The call was made in Dar es Salaam yesterday during a two-day free medical screen at Mnazi Mmoja grounds organised by the Regional Commissioner (RC)’s office and other health partners.
The exercise which started early in the morning saw a large turnout of patients attending medical examinations, a sign that majority are in need of the services. The services organised by Afya Check in collaboration with the Dar es Salaam RC , Mr Paul Makonda, had positive response, where those who turned up also included people from other regions of the country.
Ms Anna Usiri (62), a resident of Vingunguti was among residents who visited Mnazi Mmoja grounds for health screening. “I came here at around 5 am to secure an early number, but I found a huge number of people who were already here. This kind of exercise is important to help us know our health status.
This huge turn up means people have health problems, but due to high medical examination costs and hardship of life, people rarely visit hospitals, but if the costs at public hospitals would be reduced, probably we will be having fewer people here today,” she said.
However, Ms Usiri advised organisers of the event to extend days of the exercise because two days are not enough considering the number of people who turned out. Dar es Salaam RC, Mr Makonda said the number of people who turned up was beyond their expectation.
“There are a number of claims concerning today’s exercise, the number of people who responded to this exercise is huge and far beyond our expectation, but we are looking for other alternatives to make sure whoever came here today receive the services they came here for,” said the RC.

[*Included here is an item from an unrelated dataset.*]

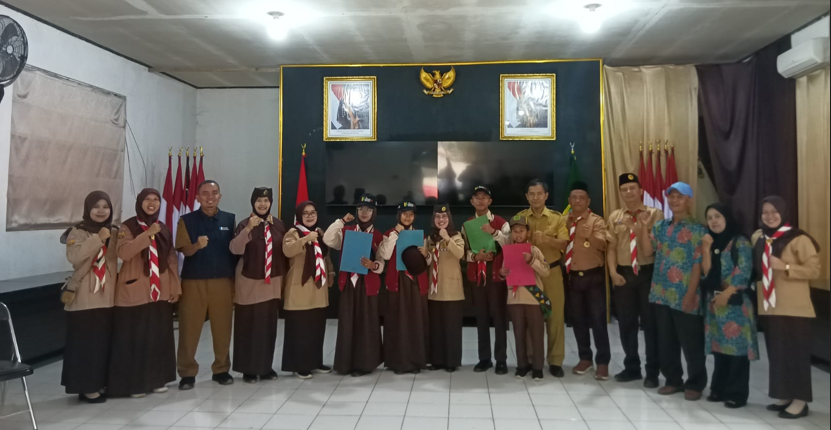 Kasi Pendkes Kecamatan Leuwisadeng Berikan Motivasi kepada Peserta Jambore Nasional XII Tahun 2026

Expounding further, he said more than 10 diseases were diagnosed during the exercise, adding that residents should check their health frequently to spot diseases at early stages.
Mr Makonda said by doing so, the government will spend less money in citizen’s medical treatment, adding that the amount saved can be channelled to other development projects.
On his side, Dr Isaac Maro from Afya Check said the exercise intended to influence citizens to have the culture of checking their health regularly. According to Dr Maro, more than 70 doctors were present at the grounds to help fellow citizens.
“We have specialists from various respectable hospitals in the region. If the patients are diagnosed with a problem, they are given an appointment for further diagnosis and treatments,” said Dr Maro.